According to her, the accident could have been avoided or it impact reduced if the driver of the VIP bus had seen the incoming cargo vehicle in time.
Still justifying her stand against night travels, Madam Rose said, after the crash, “…all the trucks and vehicles that were passing never came to our aid because it was night and it was raining.”
She continued: “…what I have seen and what I saw there, there was no mercy. Some of the travellers were trapped in the seat and we needed a cutter to cut and remove some of them and by then some of them had not died. We called fire service but no way. There were only 4 policemen at the scene.”
“The people who travel in the night, what are you going to buy, are you going to buy your life? No matter how urgent my travel will be, I will never and ever travel in the night again,” she maintained.
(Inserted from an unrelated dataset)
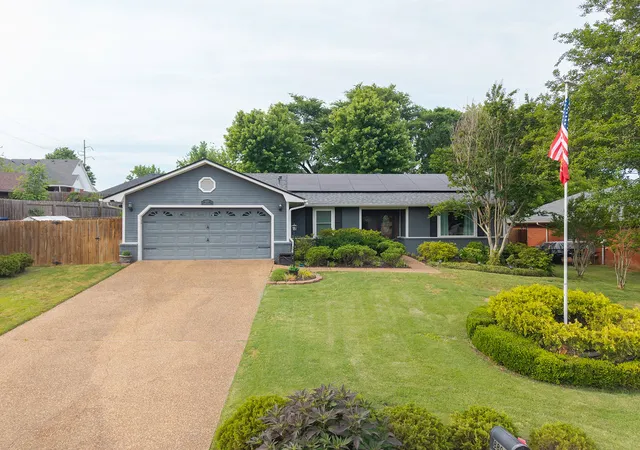 Photo 3 of Sale Pending at 8801 Jackson St, Fort Smith, AR 72903 | MLS# 1353094 | Listing updated on 2026-09-14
Though Madam Rose argues that night travel should be avoided, the Director of Communications at the National Road Safety Commission (NRSC), Mr Kwame Kodua Atuahene, in an interview with THE PUBLISHER says, “it would be unconscionable to say we should not drive at night,” adding that a decision like that would create absurd outcomes.
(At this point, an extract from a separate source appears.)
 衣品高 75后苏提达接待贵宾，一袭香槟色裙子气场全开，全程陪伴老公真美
“Visibility is very core to every safety programme that’s why we provide street lights, reflective material on cars to improve visibility. We cannot ban or say people should not travel at night because the roads are dark.
“But every driver ought to know that when the weather conditions change, you must adapt your driving to the changing environment. If you are driving at a speed of 90km/hr it would be unwise for you to continue to do that when you can’t see your way through…it is not an excuse that the roads are dark so you want to drive recklessly,” he enlightened.